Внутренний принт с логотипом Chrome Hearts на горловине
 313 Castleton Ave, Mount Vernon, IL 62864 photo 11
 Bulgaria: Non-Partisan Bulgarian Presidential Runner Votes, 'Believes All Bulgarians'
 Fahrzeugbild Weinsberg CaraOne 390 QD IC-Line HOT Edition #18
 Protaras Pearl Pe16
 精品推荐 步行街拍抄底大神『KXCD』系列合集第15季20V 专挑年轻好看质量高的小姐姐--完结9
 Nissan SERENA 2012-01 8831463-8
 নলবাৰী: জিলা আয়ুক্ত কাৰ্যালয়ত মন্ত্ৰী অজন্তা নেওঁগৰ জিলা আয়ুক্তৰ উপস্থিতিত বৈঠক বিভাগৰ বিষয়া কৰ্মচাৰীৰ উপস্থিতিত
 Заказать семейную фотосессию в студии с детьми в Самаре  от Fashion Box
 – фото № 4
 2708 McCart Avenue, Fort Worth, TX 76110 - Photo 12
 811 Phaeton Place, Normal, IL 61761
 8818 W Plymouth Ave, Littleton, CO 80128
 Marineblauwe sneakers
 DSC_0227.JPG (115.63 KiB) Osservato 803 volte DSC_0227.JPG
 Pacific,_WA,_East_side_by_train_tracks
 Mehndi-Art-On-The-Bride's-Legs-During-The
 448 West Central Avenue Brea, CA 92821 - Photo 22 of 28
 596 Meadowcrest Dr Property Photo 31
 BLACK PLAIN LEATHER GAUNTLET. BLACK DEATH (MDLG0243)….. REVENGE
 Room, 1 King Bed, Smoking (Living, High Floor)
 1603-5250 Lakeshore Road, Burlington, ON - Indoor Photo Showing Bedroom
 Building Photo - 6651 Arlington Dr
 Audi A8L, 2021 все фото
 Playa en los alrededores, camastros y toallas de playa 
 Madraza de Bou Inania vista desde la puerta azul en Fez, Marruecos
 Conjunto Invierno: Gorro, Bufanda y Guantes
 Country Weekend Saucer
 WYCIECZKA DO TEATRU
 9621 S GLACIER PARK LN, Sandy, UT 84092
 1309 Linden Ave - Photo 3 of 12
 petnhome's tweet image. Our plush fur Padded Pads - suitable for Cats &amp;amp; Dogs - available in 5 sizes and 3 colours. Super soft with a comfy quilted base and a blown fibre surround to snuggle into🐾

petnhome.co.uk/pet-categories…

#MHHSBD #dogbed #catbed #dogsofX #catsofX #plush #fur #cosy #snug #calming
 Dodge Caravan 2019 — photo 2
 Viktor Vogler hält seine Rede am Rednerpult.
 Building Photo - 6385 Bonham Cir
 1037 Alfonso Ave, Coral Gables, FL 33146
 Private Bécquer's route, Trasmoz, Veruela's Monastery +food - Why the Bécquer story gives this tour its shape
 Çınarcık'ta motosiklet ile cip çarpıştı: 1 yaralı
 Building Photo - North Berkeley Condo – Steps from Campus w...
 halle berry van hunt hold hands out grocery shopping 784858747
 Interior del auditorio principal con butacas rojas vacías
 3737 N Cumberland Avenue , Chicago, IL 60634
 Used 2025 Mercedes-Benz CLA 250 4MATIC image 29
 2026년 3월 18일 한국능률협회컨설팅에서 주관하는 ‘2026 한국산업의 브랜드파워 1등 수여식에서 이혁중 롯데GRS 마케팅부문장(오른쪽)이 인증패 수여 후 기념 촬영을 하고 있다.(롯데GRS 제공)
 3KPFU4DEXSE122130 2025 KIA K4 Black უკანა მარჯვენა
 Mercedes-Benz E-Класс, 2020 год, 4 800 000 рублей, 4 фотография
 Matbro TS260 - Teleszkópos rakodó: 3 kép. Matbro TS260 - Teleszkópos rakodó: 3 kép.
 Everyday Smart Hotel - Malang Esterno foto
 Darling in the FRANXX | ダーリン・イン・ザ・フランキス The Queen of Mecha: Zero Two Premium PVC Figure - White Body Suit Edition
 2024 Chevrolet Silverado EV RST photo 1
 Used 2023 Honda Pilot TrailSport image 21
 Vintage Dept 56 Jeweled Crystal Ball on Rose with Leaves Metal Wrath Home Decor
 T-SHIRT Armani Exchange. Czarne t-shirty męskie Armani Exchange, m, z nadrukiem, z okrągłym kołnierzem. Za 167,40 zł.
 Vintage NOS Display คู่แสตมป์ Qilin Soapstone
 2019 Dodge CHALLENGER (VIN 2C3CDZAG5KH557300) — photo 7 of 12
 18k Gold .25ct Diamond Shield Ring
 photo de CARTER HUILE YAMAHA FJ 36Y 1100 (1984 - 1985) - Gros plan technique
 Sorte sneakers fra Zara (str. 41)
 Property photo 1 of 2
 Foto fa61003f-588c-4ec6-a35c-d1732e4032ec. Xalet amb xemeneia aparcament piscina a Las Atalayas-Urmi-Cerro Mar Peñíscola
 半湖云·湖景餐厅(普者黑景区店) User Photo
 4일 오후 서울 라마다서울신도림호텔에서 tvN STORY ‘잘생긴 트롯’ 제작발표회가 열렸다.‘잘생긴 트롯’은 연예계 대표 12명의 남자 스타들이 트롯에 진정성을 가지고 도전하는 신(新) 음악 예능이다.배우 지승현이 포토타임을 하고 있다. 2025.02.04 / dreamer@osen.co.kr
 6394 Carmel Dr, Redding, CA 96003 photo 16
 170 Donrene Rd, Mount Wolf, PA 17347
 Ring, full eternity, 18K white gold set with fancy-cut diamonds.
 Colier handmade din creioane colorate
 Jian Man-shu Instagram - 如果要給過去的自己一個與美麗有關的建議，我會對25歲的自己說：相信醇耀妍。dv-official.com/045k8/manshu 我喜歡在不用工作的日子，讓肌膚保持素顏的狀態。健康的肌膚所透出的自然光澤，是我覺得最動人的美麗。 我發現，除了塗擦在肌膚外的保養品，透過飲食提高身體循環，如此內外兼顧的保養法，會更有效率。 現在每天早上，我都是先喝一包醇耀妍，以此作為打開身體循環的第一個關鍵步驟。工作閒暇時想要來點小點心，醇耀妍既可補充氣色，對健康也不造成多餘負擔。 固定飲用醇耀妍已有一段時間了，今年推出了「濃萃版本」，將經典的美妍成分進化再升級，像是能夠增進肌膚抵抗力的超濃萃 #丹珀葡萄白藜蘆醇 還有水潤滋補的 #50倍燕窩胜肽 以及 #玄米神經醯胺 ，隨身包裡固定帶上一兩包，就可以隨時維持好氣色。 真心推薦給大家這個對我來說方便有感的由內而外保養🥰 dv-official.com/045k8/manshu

What needs to be done :: All of the data must be written out again, exactly as it stands.

Answer for the task ::
Внутренний принт с логотипом Chrome Hearts на горловине
 313 Castleton Ave, Mount Vernon, IL 62864 photo 11
 Bulgaria: Non-Partisan Bulgarian Presidential Runner Votes, 'Believes All Bulgarians'
 Fahrzeugbild Weinsberg CaraOne 390 QD IC-Line HOT Edition #18
 Protaras Pearl Pe16
 精品推荐 步行街拍抄底大神『KXCD』系列合集第15季20V 专挑年轻好看质量高的小姐姐--完结9
 Nissan SERENA 2012-01 8831463-8
 নলবাৰী: জিলা আয়ুক্ত কাৰ্যালয়ত মন্ত্ৰী অজন্তা নেওঁগৰ জিলা আয়ুক্তৰ উপস্থিতিত বৈঠক বিভাগৰ বিষয়া কৰ্মচাৰীৰ উপস্থিতিত
 Заказать семейную фотосессию в студии с детьми в Самаре  от Fashion Box
 – фото № 4
 2708 McCart Avenue, Fort Worth, TX 76110 - Photo 12
 811 Phaeton Place, Normal, IL 61761
 8818 W Plymouth Ave, Littleton, CO 80128
 Marineblauwe sneakers
 DSC_0227.JPG (115.63 KiB) Osservato 803 volte DSC_0227.JPG
 Pacific,_WA,_East_side_by_train_tracks
 Mehndi-Art-On-The-Bride's-Legs-During-The
 448 West Central Avenue Brea, CA 92821 - Photo 22 of 28
 596 Meadowcrest Dr Property Photo 31
 BLACK PLAIN LEATHER GAUNTLET. BLACK DEATH (MDLG0243)….. REVENGE
 Room, 1 King Bed, Smoking (Living, High Floor)
 1603-5250 Lakeshore Road, Burlington, ON - Indoor Photo Showing Bedroom
 Building Photo - 6651 Arlington Dr
 Audi A8L, 2021 все фото
 Playa en los alrededores, camastros y toallas de playa 
 Madraza de Bou Inania vista desde la puerta azul en Fez, Marruecos
 Conjunto Invierno: Gorro, Bufanda y Guantes
 Country Weekend Saucer
 WYCIECZKA DO TEATRU
 9621 S GLACIER PARK LN, Sandy, UT 84092
 1309 Linden Ave - Photo 3 of 12
 petnhome's tweet image. Our plush fur Padded Pads - suitable for Cats &amp;amp; Dogs - available in 5 sizes and 3 colours. Super soft with a comfy quilted base and a blown fibre surround to snuggle into🐾

petnhome.co.uk/pet-categories…

#MHHSBD #dogbed #catbed #dogsofX #catsofX #plush #fur #cosy #snug #calming
 Dodge Caravan 2019 — photo 2
 Viktor Vogler hält seine Rede am Rednerpult.
 Building Photo - 6385 Bonham Cir
 1037 Alfonso Ave, Coral Gables, FL 33146
 Private Bécquer's route, Trasmoz, Veruela's Monastery +food - Why the Bécquer story gives this tour its shape
 Çınarcık'ta motosiklet ile cip çarpıştı: 1 yaralı
 Building Photo - North Berkeley Condo – Steps from Campus w...
 halle berry van hunt hold hands out grocery shopping 784858747
 Interior del auditorio principal con butacas rojas vacías
 3737 N Cumberland Avenue , Chicago, IL 60634
 Used 2025 Mercedes-Benz CLA 250 4MATIC image 29
 2026년 3월 18일 한국능률협회컨설팅에서 주관하는 ‘2026 한국산업의 브랜드파워 1등 수여식에서 이혁중 롯데GRS 마케팅부문장(오른쪽)이 인증패 수여 후 기념 촬영을 하고 있다.(롯데GRS 제공)
 3KPFU4DEXSE122130 2025 KIA K4 Black უკანა მარჯვენა
 Mercedes-Benz E-Класс, 2020 год, 4 800 000 рублей, 4 фотография
 Matbro TS260 - Teleszkópos rakodó: 3 kép. Matbro TS260 - Teleszkópos rakodó: 3 kép.
 Everyday Smart Hotel - Malang Esterno foto
 Darling in the FRANXX | ダーリン・イン・ザ・フランキス The Queen of Mecha: Zero Two Premium PVC Figure - White Body Suit Edition
 2024 Chevrolet Silverado EV RST photo 1
 Used 2023 Honda Pilot TrailSport image 21
 Vintage Dept 56 Jeweled Crystal Ball on Rose with Leaves Metal Wrath Home Decor
 T-SHIRT Armani Exchange. Czarne t-shirty męskie Armani Exchange, m, z nadrukiem, z okrągłym kołnierzem. Za 167,40 zł.
 Vintage NOS Display คู่แสตมป์ Qilin Soapstone
 2019 Dodge CHALLENGER (VIN 2C3CDZAG5KH557300) — photo 7 of 12
 18k Gold .25ct Diamond Shield Ring
 photo de CARTER HUILE YAMAHA FJ 36Y 1100 (1984 - 1985) - Gros plan technique
 Sorte sneakers fra Zara (str. 41)
 Property photo 1 of 2
 Foto fa61003f-588c-4ec6-a35c-d1732e4032ec. Xalet amb xemeneia aparcament piscina a Las Atalayas-Urmi-Cerro Mar Peñíscola
 半湖云·湖景餐厅(普者黑景区店) User Photo
 4일 오후 서울 라마다서울신도림호텔에서 tvN STORY ‘잘생긴 트롯’ 제작발표회가 열렸다.‘잘생긴 트롯’은 연예계 대표 12명의 남자 스타들이 트롯에 진정성을 가지고 도전하는 신(新) 음악 예능이다.배우 지승현이 포토타임을 하고 있다. 2025.02.04 / dreamer@osen.co.kr
 6394 Carmel Dr, Redding, CA 96003 photo 16
 170 Donrene Rd, Mount Wolf, PA 17347
 Ring, full eternity, 18K white gold set with fancy-cut diamonds.
 Colier handmade din creioane colorate
 Jian Man-shu Instagram - 如果要給過去的自己一個與美麗有關的建議，我會對25歲的自己說：相信醇耀妍。dv-official.com/045k8/manshu 我喜歡在不用工作的日子，讓肌膚保持素顏的狀態。健康的肌膚所透出的自然光澤，是我覺得最動人的美麗。 我發現，除了塗擦在肌膚外的保養品，透過飲食提高身體循環，如此內外兼顧的保養法，會更有效率。 現在每天早上，我都是先喝一包醇耀妍，以此作為打開身體循環的第一個關鍵步驟。工作閒暇時想要來點小點心，醇耀妍既可補充氣色，對健康也不造成多餘負擔。 固定飲用醇耀妍已有一段時間了，今年推出了「濃萃版本」，將經典的美妍成分進化再升級，像是能夠增進肌膚抵抗力的超濃萃 #丹珀葡萄白藜蘆醇 還有水潤滋補的 #50倍燕窩胜肽 以及 #玄米神經醯胺 ，隨身包裡固定帶上一兩包，就可以隨時維持好氣色。 真心推薦給大家這個對我來說方便有感的由內而外保養🥰 dv-official.com/045k8/manshu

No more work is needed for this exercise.